(DATA PROVIDED begins)

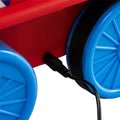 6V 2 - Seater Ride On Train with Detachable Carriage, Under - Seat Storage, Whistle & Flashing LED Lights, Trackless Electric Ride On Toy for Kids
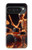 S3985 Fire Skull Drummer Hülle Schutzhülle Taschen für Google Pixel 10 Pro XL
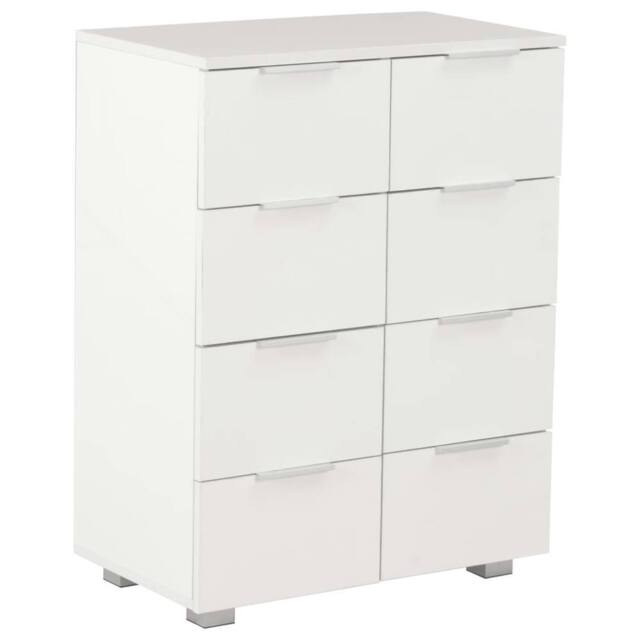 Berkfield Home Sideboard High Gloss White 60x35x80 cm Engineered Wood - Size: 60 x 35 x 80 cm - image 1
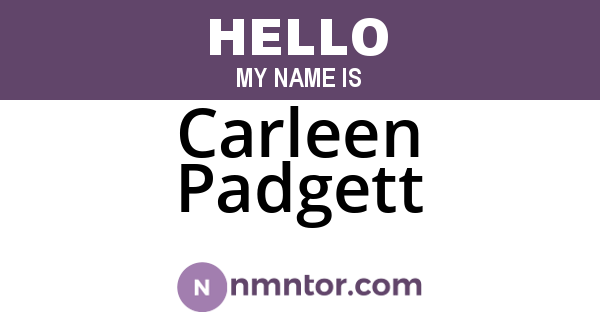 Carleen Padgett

(DATA PROVIDED ends)
(DATA PROVIDED begins)

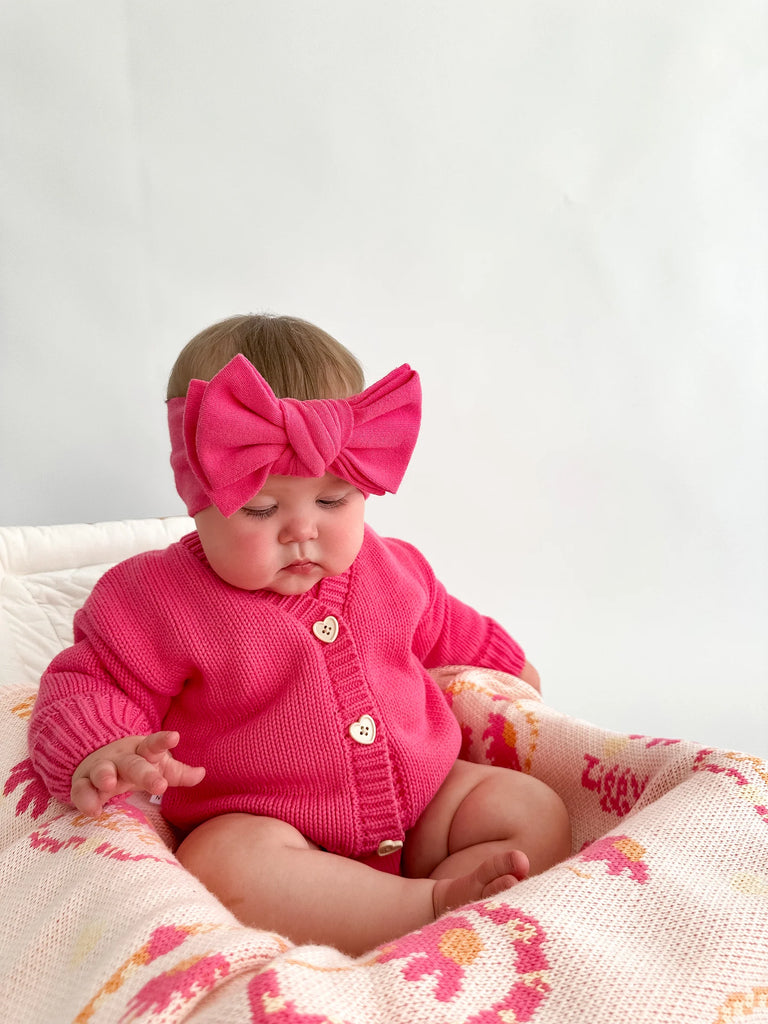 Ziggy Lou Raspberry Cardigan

(DATA PROVIDED ends)

An exact copy is needed of the stretch above that opens with the line containing "Berkfield Home Sideboard" and closes with the line containing "Carleen Padgett"; the pictures are not part of it.

REPLY TO THE TASK:
 Berkfield Home Sideboard High Gloss White 60x35x80 cm Engineered Wood - Size: 60 x 35 x 80 cm - image 1
 Carleen Padgett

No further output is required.